Saturday, September 17, 2011

The Speech in the Conference Accreditation debate I won't get to make #ldconf

I'm not going to get to Birmingham until tomorrow afternoon, so I'm going to miss the debate on Conference Accreditation at 9am tomorrow. This is the speech I would have made if I were there. If you think it's useful, please feel free to help yourself to it.

Conference

I'm here today, not because of my constitutional right to attend Conference, but because Greater Manchester Police have deemed that I'm not a security risk. They are right. But that's not the point. The Federal Conference Committee has given the Police the right to determine the extent of our political activity and that is simply not right in the sort of liberal society we want to live in.

Now, I have a very strong personal interest in this conference being safe and secure. Some of the people I care most about in the world are here. My beloved family are 400 miles away - I want to return to them in one piece. I am also one of the most over anxious people on the planet.

Despite that, I do not see how this expensive accreditation system is going to make one person safer. It seems to me to be a wasteful exercise in bureaucracy. We have airport style security on the way in and lots of vigilant security people around the place. That's enough to protect us. Nobody is going to be able to get in here with anything that could cause harm. 

Those of us who were around the last time an atrocity was carried out at a party conference will remember the feeling of numbness and shock and nausea  as we watched events unfold. That bomb, though, had been planted a month before.

In recent acts of terrorism, everyone involved has had the correct paperwork.

There is simply no need for accreditation. And since when did we fall for the line that the Police say they need it? They said that about 90 days detention as well and as a party we didn't flinch in our opposition to that.

The FCC will say that it all comes down to insurance. I am far from convinced that this is the case. My understanding is that they've gone to the usual provider who has said that if we don't take police advice, it'll invalidate our insurance. They tell us that if we don't accept accreditation, there will be no Conference. 

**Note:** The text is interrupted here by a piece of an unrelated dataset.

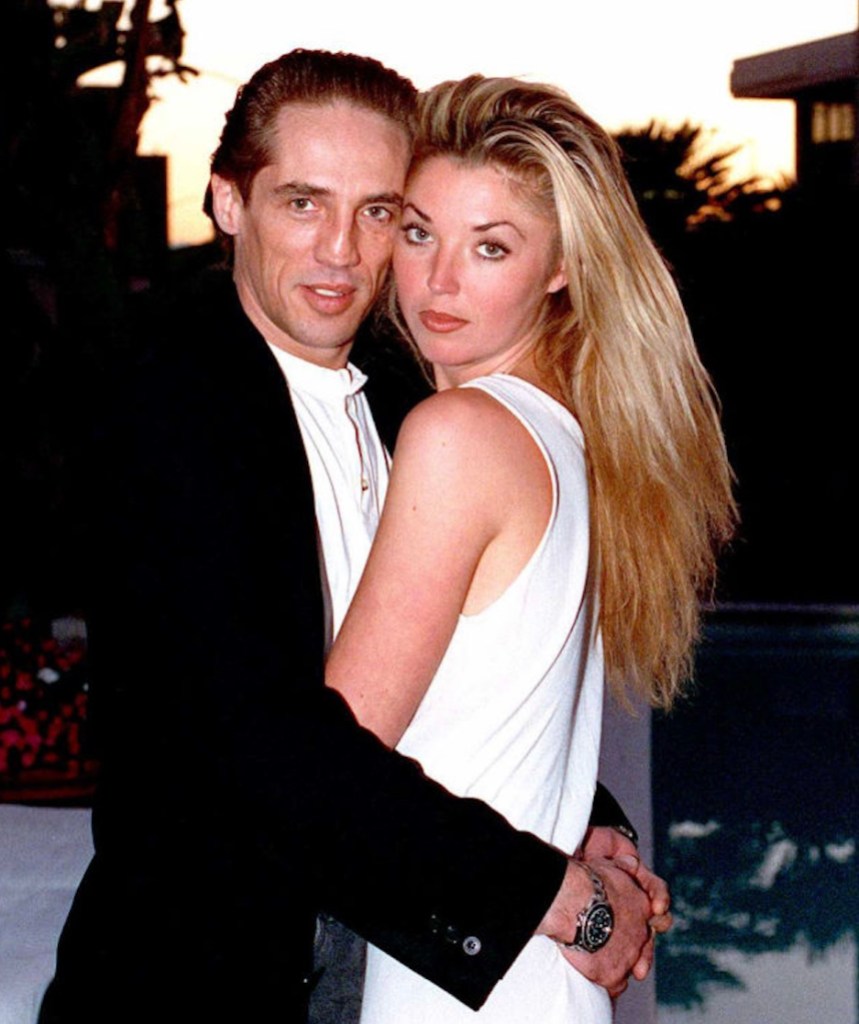 sharon-stones-brother-dies-mike-stone-was-74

I think we need more imagination here.  If festivals can get public liability insurance when they have, frankly, even more A-listers than we have wandering around, then I'm sure we can find someone who is prepared to see that the physical security arrangements suffice.

I saw an argument that refusing to implement accreditation would be a breach of the Health and Safety at Work Act. I have had the special privilege of living with a health and safety adviser for the last almost quarter of a century. You know, the sort of guy who goes to an open night at his daughter's school and takes pictures, not of her learning environment, but of the fire exit signs. He gets very irritated when health and safety is blamed for stupid decisions by insurance companies. He says that using health and safety law as an excuse in this instance is, well, a word I don't dare say from the platform. 

We do know that one person has been refused accreditation on security grounds and that the three representatives from the party have agreed with that Police decision. I worry that we could be complicit in an injustice here. And if the  Party had over-ruled the Police decision, would that have invalidated our insurance? How much power does the Party really have to safeguard the rights of its own members and protect their constitutional right to be part of the policy making heart of the Liberal Democrats. 

And let's say next year that the Police come back and say we all need biometrics on our Conference passes. What will Federal Conference Committee do then? Where, exactly, is their line in the sand? As Private Eye might say, I think we should be told.

I think that they have gone further than the party is comfortable with. Therefore, I would urge you to support Amendment 2, calling for FCC to refuse to implement an accreditation system for future conferences. If that means you all have to come north to Scotland, where we manage to have our Conference without resorting to such measures, you'll be very welcome. 

I can sense that FCC will say "but there will be no conference". I say, are the Police really going to dare to shut down the Conference of a Party of Government on the basis of arguments that can easily be torn to shreds. I'm sure people would much rather see Police officers out on the streets in their communities in place of lengthy checks being done on political anoraks.

One of the reasons I voted for Nick Clegg as leader was his promise to refuse to have an ID card when they became compulsory. I think we need to be inspired by his example and look at this afresh. The accreditation system is illiberal and fundamentally wrong in principle, and ineffective and expensive in practice. It will not make one single person safer.

Just because this system is accepted without question by the Labour and Tory parties does not mean that we should meekly follow. They don't care about civil liberties - but we do and we should show it today by rejecting the FCC's woolly amendment and supporting the original motion, preferably with amendment 2.